■ **Task brief**
Print only what runs from the line that includes "송도 바다노을 구경하려면 솔찬공원 케이슨 24로 가자." to the end of the listing, word for word, and do not include any pictures.

%%

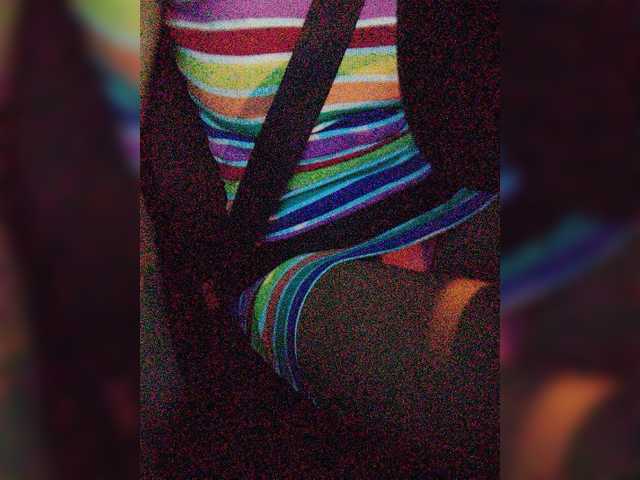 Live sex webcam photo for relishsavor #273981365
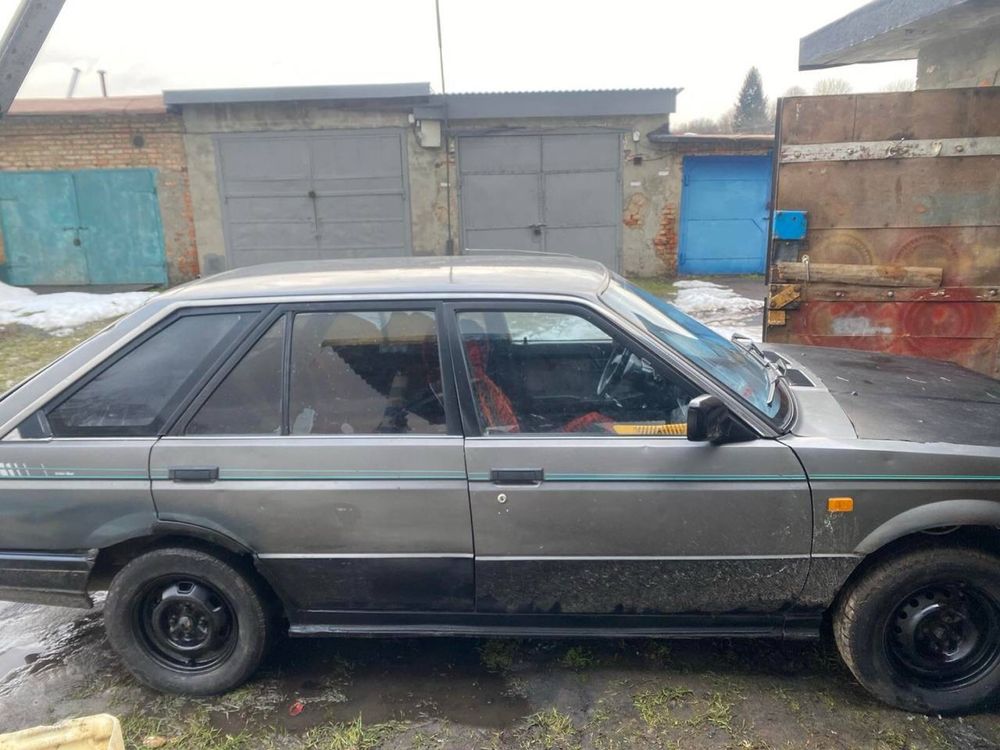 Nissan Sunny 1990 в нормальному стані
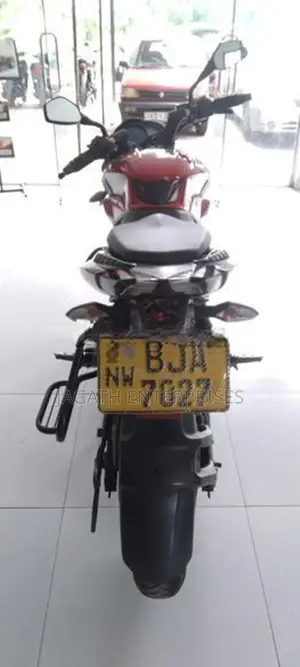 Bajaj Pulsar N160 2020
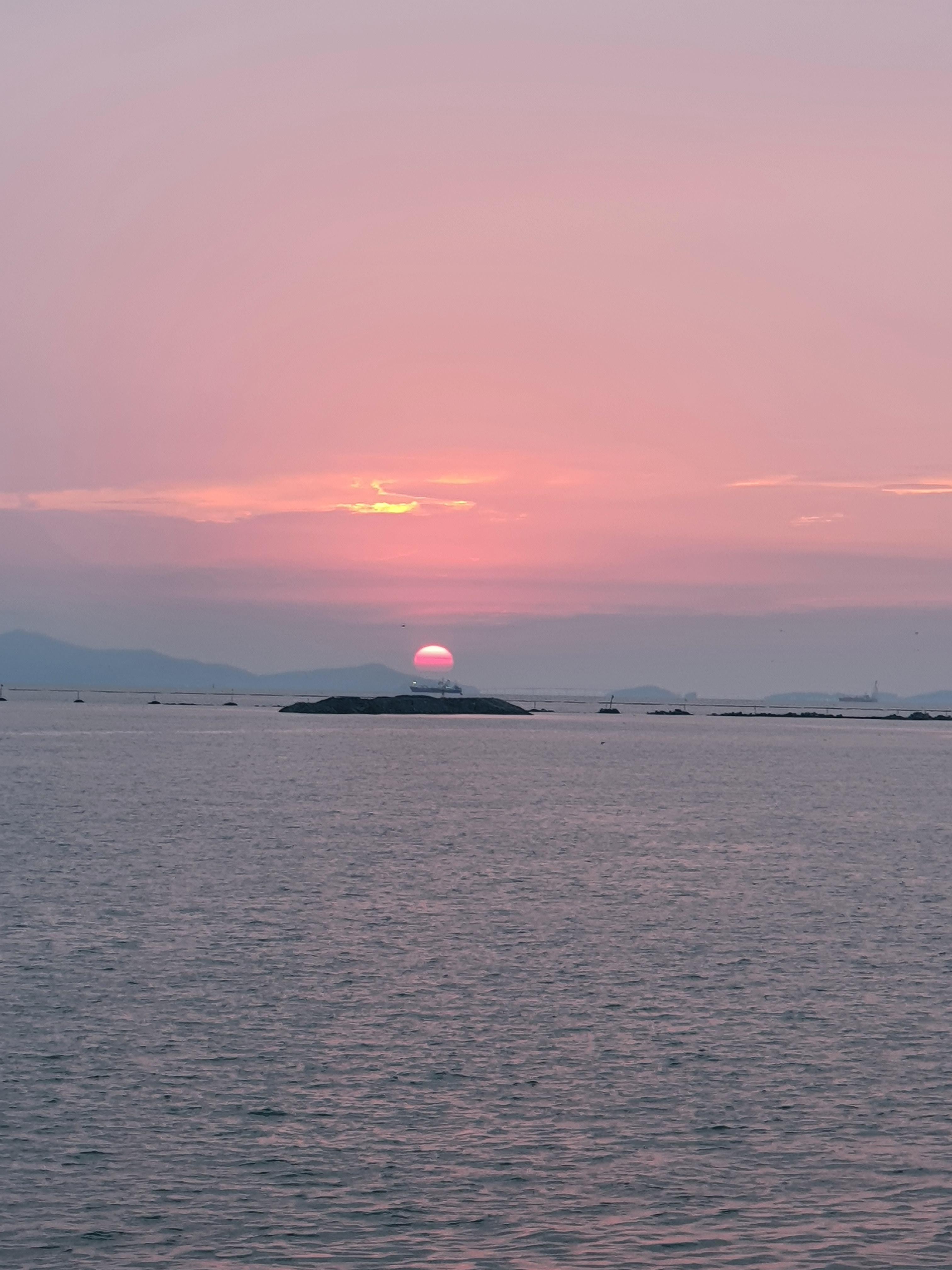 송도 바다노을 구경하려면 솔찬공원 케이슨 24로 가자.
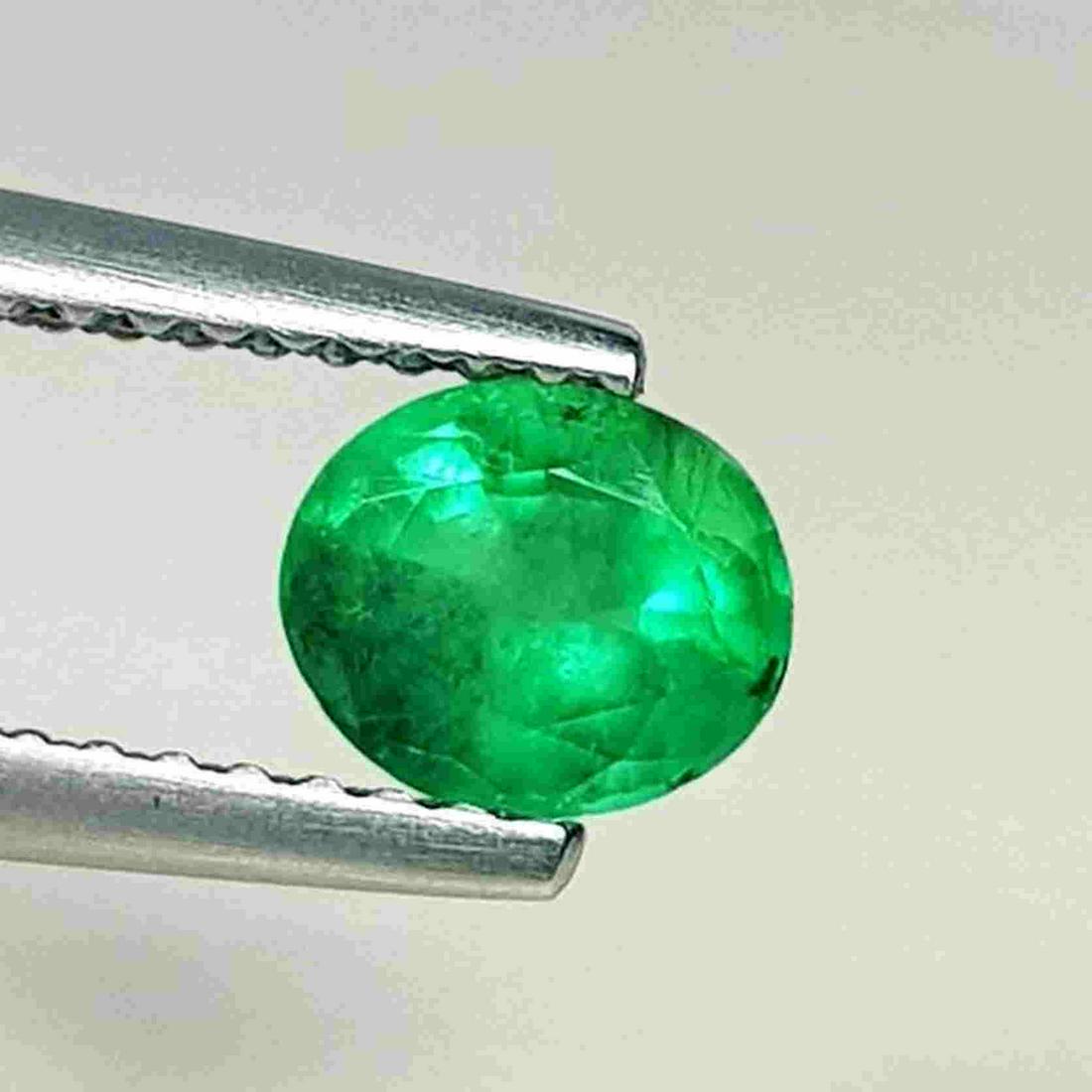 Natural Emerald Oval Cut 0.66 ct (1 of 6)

%%

■ **Task solution**
 송도 바다노을 구경하려면 솔찬공원 케이슨 24로 가자.
 Natural Emerald Oval Cut 0.66 ct (1 of 6)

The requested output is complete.